Maryam Mirzakhani
Iranian mathematician Maryam Mirzakhani is the first woman to be awarded the prestigious Fields Medal Standford University

A woman has been awarded the world's most prestigious honour in mathematics for the first time since the award was established in 1936.

Maryam Mirzakhani, a professor of mathematics at Stanford University in California, has been awarded the 2014 Fields Medal, widely regarded as the "Nobel Prize of mathematics".

Mirzakhani was awarded the prize for her sophisticated and highly original contributions to the fields of geometry and dynamical systems.
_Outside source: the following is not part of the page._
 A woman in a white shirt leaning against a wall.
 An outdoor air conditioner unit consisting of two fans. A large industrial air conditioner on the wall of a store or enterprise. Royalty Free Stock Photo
The award will be presented by the International Mathematical Union at a ceremony in Seoul on Wednesday morning.

"This is a great honour. I will be happy if it encourages young female scientists and mathematicians," Mirzakhani said. "I am sure there will be many more women winning this kind of award in coming years."

Officially known as the International Medal for Outstanding Discoveries in Mathematics, the Fields Medal is worth around £8,000. It is awarded to exceptional talents under the age of 40 once every four years and between two and four prizes are announced each time.

"On behalf of the entire Stanford community, I congratulate Maryam on this incredible recognition, the highest honour in her discipline, the first ever granted to a woman," said Stanford President John Hennessy.

"We are proud of her achievements, and of the work taking place in our math department and among our faculty. We hope it will serve as an inspiration to many aspiring mathematicians."

The award recognises Mirzakhani's contributions to the fields of geometry and dynamical systems, particularly in understanding the symmetry of curved surfaces, such as spheres, the surfaces of doughnuts and of hyperbolic objects. Although her work is considered "pure mathematics" it has implications for physics and quantum field theory.

"What's so special about Maryam, the thing that really separates her, is the originality in how she puts together these disparate pieces," said Steven Kerckhoff, a mathematics professor at Stanford and one of Mirzakhani's collaborators. "That was the case starting with her thesis work, which generated several papers in all the top journals. The novelty of her approach made it a real tour de force."

Mirzakhani was born and raised in Tehran, Iran. As a young girl she dreamed of becoming a writer, but her affinity for solving mathematical problems and working on proofs had shifted her sights.

"It is fun – it's like solving a puzzle or connecting the dots in a detective case," she said.

Mirzakhani became known to the international math scene as a teenager, winning gold medals at both the 1994 and 1995 International Math Olympiads.

Three other researchers were named Fields Medal winners at the same ceremony in South Korea. The winners include Martin Hairer, 38, an Austrian based at Warwick University, Artur Avila, of the Institute of Mathematics of Jussieu in Paris, and Manjul Bhargava, a 40-year-old Canadian-American at Princeton University.

Christiane Rousseau, vice president of the International Mathematics Union, told the Guardian: "It's an extraordinary moment. Marie-Curie had Nobel prizes in physics and chemistry at the beginning of the 20th century, but in mathematics this is the first time we have a woman winning the most prestigious prize. This is a celebration for women."